● **Task prompt**:
What's wanted is the full listing, reproduced exactly.

● **Supplied information**:

++++++++++++++++++++

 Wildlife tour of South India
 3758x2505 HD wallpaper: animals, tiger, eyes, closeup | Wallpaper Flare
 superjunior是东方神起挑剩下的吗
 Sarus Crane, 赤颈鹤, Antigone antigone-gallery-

++++++++++++++++++++

● **Result below**:
 Wildlife tour of South India
 3758x2505 HD wallpaper: animals, tiger, eyes, closeup | Wallpaper Flare
 superjunior是东方神起挑剩下的吗
 Sarus Crane, 赤颈鹤, Antigone antigone-gallery-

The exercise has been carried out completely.